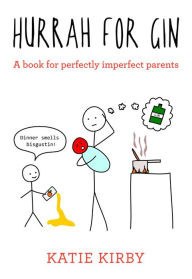 Title: Hurrah for Gin: A Book for Perfectly Imperfect Parents, Author: Katie Kirby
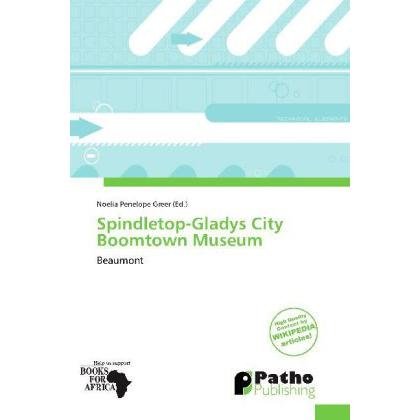 Spindletop-Gladys City Boomtown Museum, Fachbücher von Noelia Penelope Greer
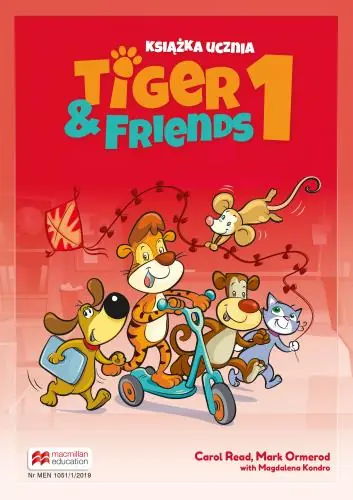 TIGER & FRIENDS 1. KSIĄŻKA UCZNIA Do wyczerpania zapasów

^^^^

▶ _What is expected_: Please output all of the data exactly as given, omitting any images it holds.

▶ _Solution for this exercise_:
 Title: Hurrah for Gin: A Book for Perfectly Imperfect Parents, Author: Katie Kirby
 Spindletop-Gladys City Boomtown Museum, Fachbücher von Noelia Penelope Greer
 TIGER & FRIENDS 1. KSIĄŻKA UCZNIA Do wyczerpania zapasów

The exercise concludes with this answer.